India’s free trade agreement (FTA) with Switzerland, Norway, Iceland and Liechtenstein as partners is a completely new architecture. The Trade and Economic Partnership Agreement (TEPA) with the four-nation group known as the European Free Trade Association (EFTA), include provisions on intellectual property (IP) and investment protection and promotion. So far India has treated IP policy levers as a sovereign space for multilateral negotiations at the World Trade Organization (WTO) and has not made IP concessions to trade groupings of nation-states.
Recently, India and South Africa had sought TRIPS (The Agreement on Trade-Related Aspects of Intellectual Property Rights) waiver related to COVID-19 innovations. The TRIPS waiver was sought to meet requirements of indigenous technological innovation and independent scientific research to produce COVID vaccines. While this garnered support for India from the developing world, even when the EU and U.S. stood against the grant of TRIPS waiver at the WTO, the Modi government granted major IP concessions to EFTA.

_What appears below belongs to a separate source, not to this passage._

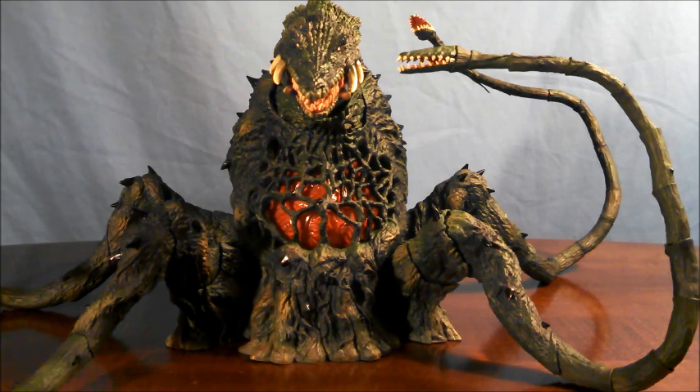Instead of the light-up gimmick, I would have appreciated a beam effect part, but for what it is the light-up gimmick is pretty cool. I'm not going to use it a lot, and after this review I'm going to take the batteries out to prevent leakage, which is a very real possibility. As a note, Biolante does not come with batteries to activate the light-up gimmick — you have to buy them separately.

These concessions must not be viewed in isolation. India is likely to concede more such space on IP policy in negotiations with the EU and U.K. The new approach to IP and investment has been in making for some time now. In August 2022, when the Working Paper (WP) issued by the Economic Advisory Council to the Prime Minister of India (EAC-PM) entitled “Why Does India Need to Urgently Invest in its patenting ecosystem” considered these issues, it used the U.S. propagated patent policy conceptualization explicitly as the context to recommend the need to fast track the patent grants.
Available evidence of what is preventing India from becoming innovative is not even mentioned. The proposals made are overly protective of private interests and the patent controller’s office is viewed as a revenue generating entity. It overlooks the larger public interest. The policy advisors seek to attract foreign direct investment (FDI) and are guided by the assumption that IP concessions can help in the growing technological rivalry between U.S. and China.
Patent filing numbers of China, U.S. and India are compared to promote pro-patentee changes in the paper. The contribution of diffusion oriented state investment and independent innovation to the technological prowess of China, Japan, South Korea and U.S. is completely ignored. Fast tracking patent grants could likely lead to products of dubious quality.
In China, the policy space for indigenous innovation was achieved through programs that run in parallel to maximizing knowledge spillovers from FDI. This is absent in India and explains why India lags China considerably in independent innovations. China could realize its long-term ambitions of self-reliance in technological innovation and scientific research because the state invested in science, technology and innovation (STI). STI investments were not coordinated with the creation of IP markets.
The IP concessions granted in the EFTA have been incorporated in the new patent rules of 2024. The EAC-PM (August 2022) advocated for fixing timelines of various steps of the patent grant process and for removing the excessive reporting requirements found to be burdensome by foreign patentees. It talks of diluting Section 25 (1) of the Patents Act 1970 (IPA) providing for a pre-grant opposition by any person. It echoes the argument that the pre-grant opposition is being used to make frivolous complaints to delay grantig patents.